A full day went by and then another. Emma was only allowed a sparse amount of water and was not allowed to sleep. It was only a matter of time before she started making mistakes: the image of the flight controls heading into Sanctuary one day; Adam talking about his childhood and how it inspired him in choosing a location for his base of operations; simple things like looking out the window of the Helix and seeing landmarks such as buildings and lakes; walking out of their hideout for some fresh air and natural sunlight. All of these snippets of information were recorded.

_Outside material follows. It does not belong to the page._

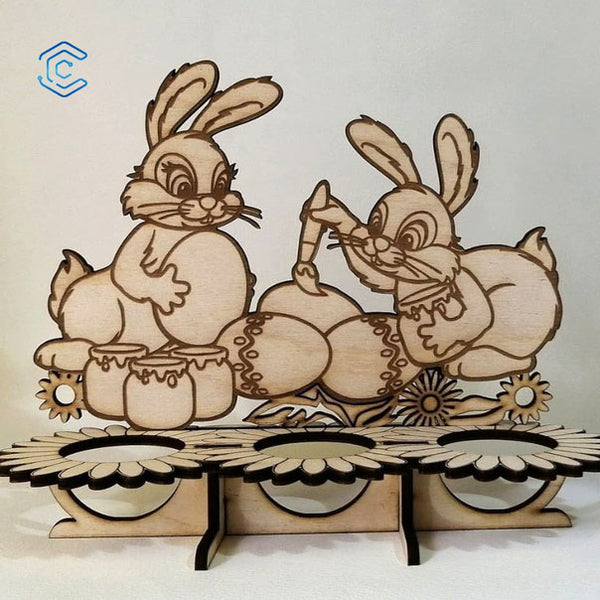 Easter bunny egg holder laser cutting file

After an interminable time, Charles Marlowe entered the interrogation room and walked around to one side of the center table. Suddenly all of the noise in Emma's mind stopped and she was alone in her skull. "I understand you have something for me, Michael," he said to one of the Psionics in the room. Apparently he was the leader of the probing, but all of the faces of the Links who had been attacking her blended together and Emma could not differentiate between them anymore.

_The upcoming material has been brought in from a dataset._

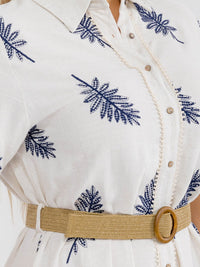 PLUS SIZE SHORT SLEEVE BUTTON UP BELTED EMBROIDERY LINEN MAXI DRESS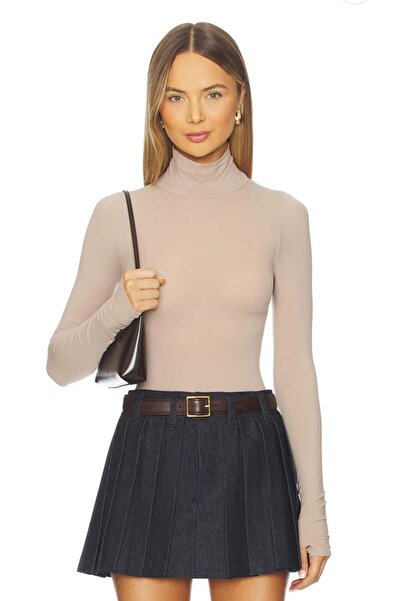 AFR CLOTHES Women's Double Layer Jersey Fishmouth Necklace Body Suit with Sna...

"We have a location, Mr. Marlowe," he said.
"She doesn't look broken." Marlowe was skeptical. "She's staring right at me." Emma would have killed him that instant if she were free and if he could be killed.

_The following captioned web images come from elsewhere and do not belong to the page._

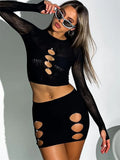 Autumn Sexy Mesh Sheer 2 Two Piece Set Club Outfit For Women 2023 Long Sleeve Crop Top And Skirt Set Female Matching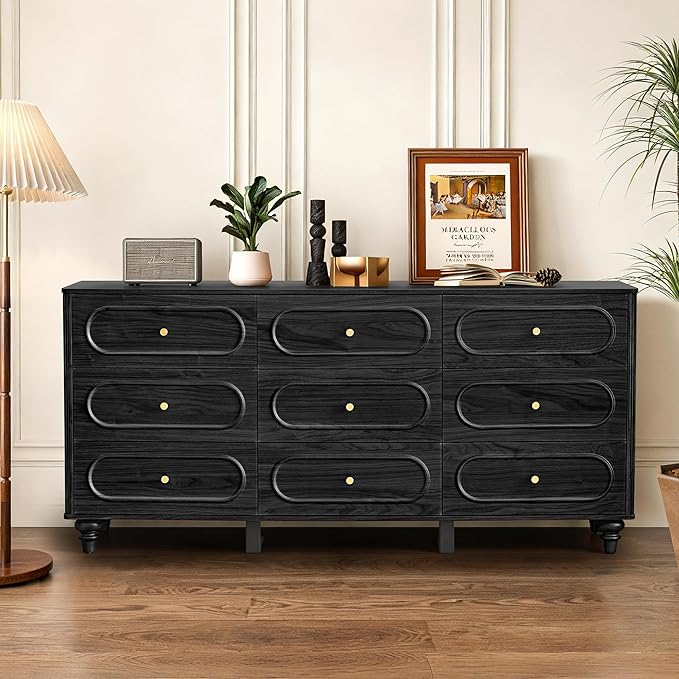 ORRD 9 Drawer Fluted Dresser for Bedroom, Mid Century Modern Chest of Drawers, Wood Storage Small Dresser Organizer for Bedroom Living Room Hallway Closet, Black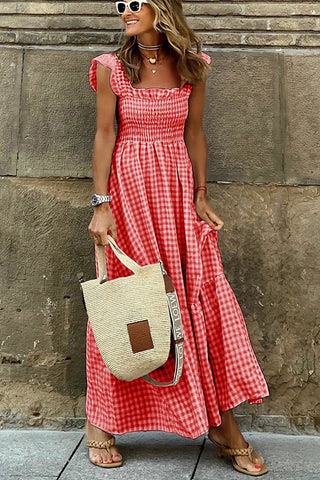 Halina | Plaid Ruffled-Sleeve Smocked Maxi Dress with Square Neckline For Women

"We haven't yet broken her. Her defenses are still up, but they've weakened. We've acquired some information and by cross checking the pieces against one another, we have zeroed in on a specific location. It appears that their Sanctuary is dug into solid rock." He handed Marlowe the satellite photographs they had obtained of the location.
"Does this look familiar to you," Marlowe said, throwing down the photographs on the table in front of Emma. Her shoulders noticeably slumped and he thought he saw some of the fire go out of her blue eyes. He considered a moment and then said, "Take her to the infirmary. If it's the wrong location, we can always start this up again."
Adam was shocked when he saw Emma escorted into the infirmary. He had received advance word in the lab that she would be coming down there. Although her appearance filled him with guilt that this was his fault, she did not appear to be permanently harmed in any obvious way. He rushed to her side, though quick movement still made his bandaged head ache. "Emma."
"I'm sorry, Adam," was the first thing she said. "They know where Sanctuary is." She was nearly in tears. Adam helped her up onto a hospital bed and immediately started an intravenous feeding tube.
"No one else could have held out this long," he said to comfort her. Adam ran a scan of her blood and found that she was on the brink of ketoacidosis.
"A lot of good it did," she said, her voice very weak. "I should have just told them everything the first day."
"Maybe, but you didn't know that then. The rest of us failed to come to your rescue." Adam wasn't sure if Emma had heard his answer, as she was fast asleep.